From News Review, Socialist Review, No.246, November 2000, p.5
Copyright © 2000 Socialist Review.
Downloaded with thanks from the Socialist Review Archive.
Marked up by Einde O’Callaghan for the Marxists’ Internet Archive.


Suddenly, totally unexpectedly, a strange and ghastly creature from the past flutters across the political stage – a Tory government. A what? Not a past Tory government, nor even a Labour government pretending to be a Tory government. But for a fleeting moment, and in at least three proper opinion polls, a majority of British people answered the question, ‘How would you vote at the next election?’ with the preposterous reply, ‘Conservative.’ Convert these polls into a general election and the phantasma, the spectre, is converted into reality – a Tory government with William Hague as prime minister.

Not for eight years, not since Heseltine closed the pits and Lamont ran up the interest rates to 15 percent, have the Tories led in the opinion polls. What was the cause of this sudden shift? Was there a spectacular disaster for the government? On the contrary. Many pundits, myself included, were predicting that the Labour lead in the polls was so huge and the prospect – not the reality, but the prospect – of Brown’s budget so alluring that Blair might call an October election and have done with the Tories for another five years at least.

Was it perhaps the emergence of William Hague as a charismatic leader, or of his Tory team as thrusting dynamos with even a glimmer of an answer to people’s problems? To ask the question is to answer it. The Tories are a hopeless bunch, even more anonymous and lacklustre than they were under John Major, split all ends up over Europe and careering to the right in a maniacal frenzy. The real answer is much more serious. It is that the fuel crisis, and the government’s dithering over it, left people uneasy and uncertain. The violent fluctuations of the opinion polls showed that old party loyalties are unreliable.
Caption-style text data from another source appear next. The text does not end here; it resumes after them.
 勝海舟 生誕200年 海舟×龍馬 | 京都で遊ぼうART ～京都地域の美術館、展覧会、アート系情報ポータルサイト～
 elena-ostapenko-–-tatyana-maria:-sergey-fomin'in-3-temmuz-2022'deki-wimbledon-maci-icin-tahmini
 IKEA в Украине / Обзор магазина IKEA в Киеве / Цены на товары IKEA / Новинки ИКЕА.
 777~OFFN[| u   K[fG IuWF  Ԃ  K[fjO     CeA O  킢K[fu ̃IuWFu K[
New Labour’s ministers are unpopular not so much for what they say and do, but for what they don’t say and don’t do. The hallmark of the government is paralysis. It doesn’t say yes and it doesn’t say no. It doesn’t say stop and it doesn’t say go. Too nervous to climb, too frightened to fall, it bides its time and clings to the wall. In a society cut into classes, paralysis is not even neutrality. It leaves things as they are – in the exclusive hands of the rich who grow more and more confident that they will be able to hang on to their wealth and power.

The reason for the sudden rise in the polls for the Tories has nothing to do with them and even less to do with the ‘apathy of the masses’. The blame lies squarely on New Labour. Three and a half years after the biggest election victory of all time, three and a half years of uninterrupted economic stability, three and a half years of the most hopeless opposition anyone could imagine, leave us with opinion polls showing Labour neck and neck with the Tories.
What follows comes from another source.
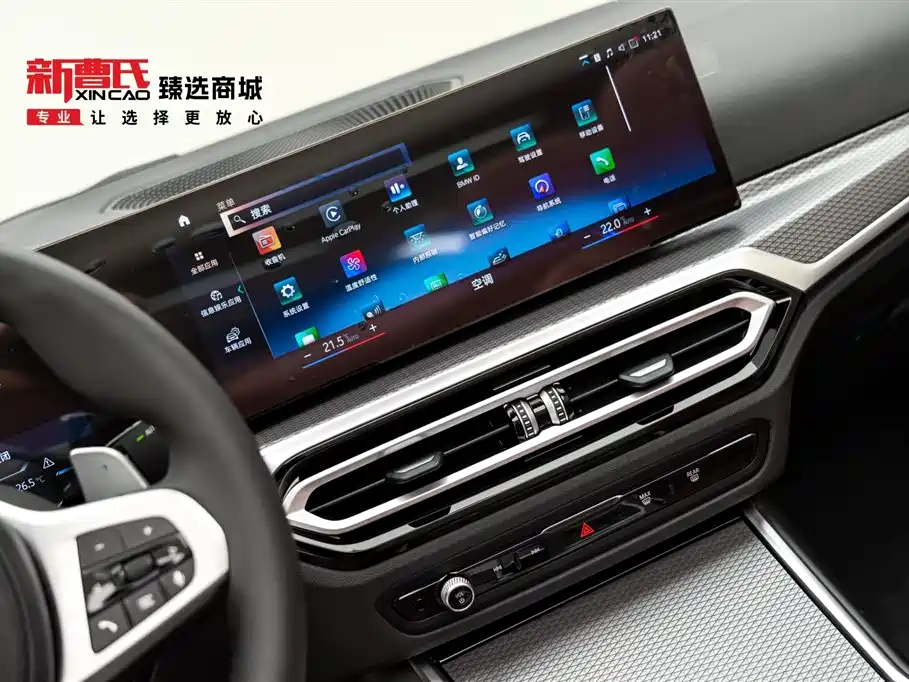BMW 4 Series 2025 — фото 18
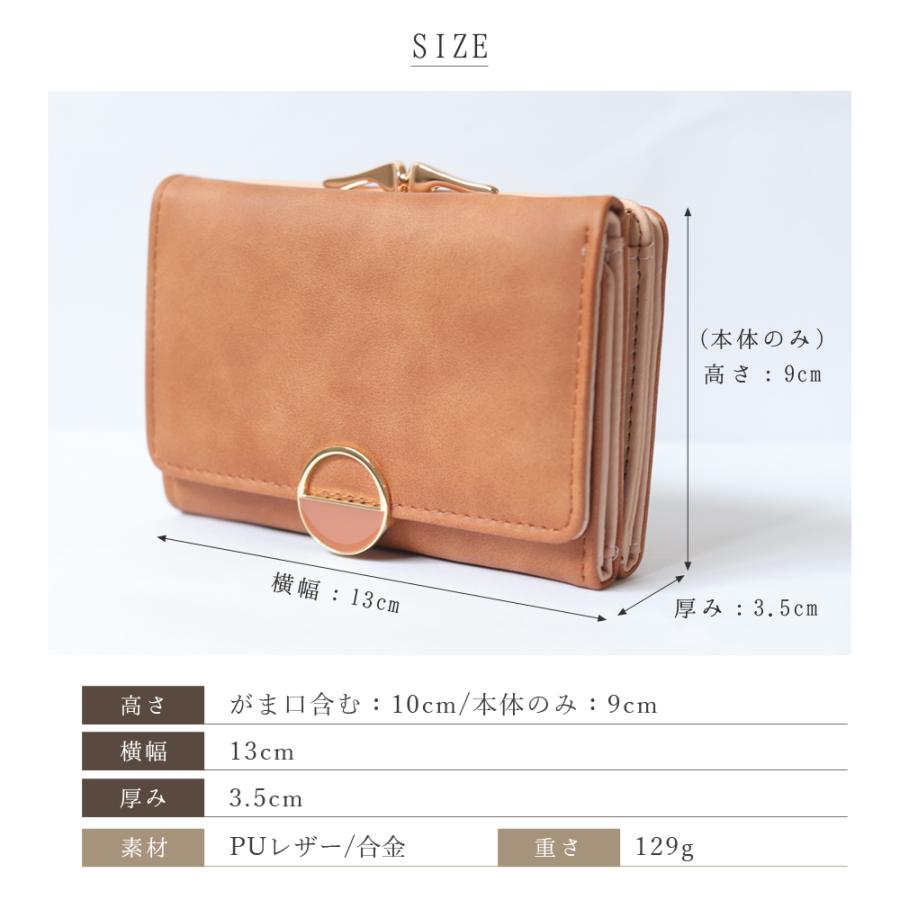 財布 レディース ミニ財布 コンパクト 小さめ ミニ がま口 三 財布 レディース ミニ財布 コンパクト 小さめ ミニ がま口 三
It is small comfort that the Tories immediately threw away their advantage by wheeling on the awful Widdecombe to make a hash (if she will pardon the expression without reaching for her manacles) of even a Tory conference speech on law and order. It is not much comfort if the polls just for a moment swing away from the Tories again. The point is that New Labour with its Tory privatisations, Tory tax breaks, Tory dinner parties for the rich and Tory chief inspector of schools has so confused its supporters that they can’t any longer tell the difference between this government and its predecessor.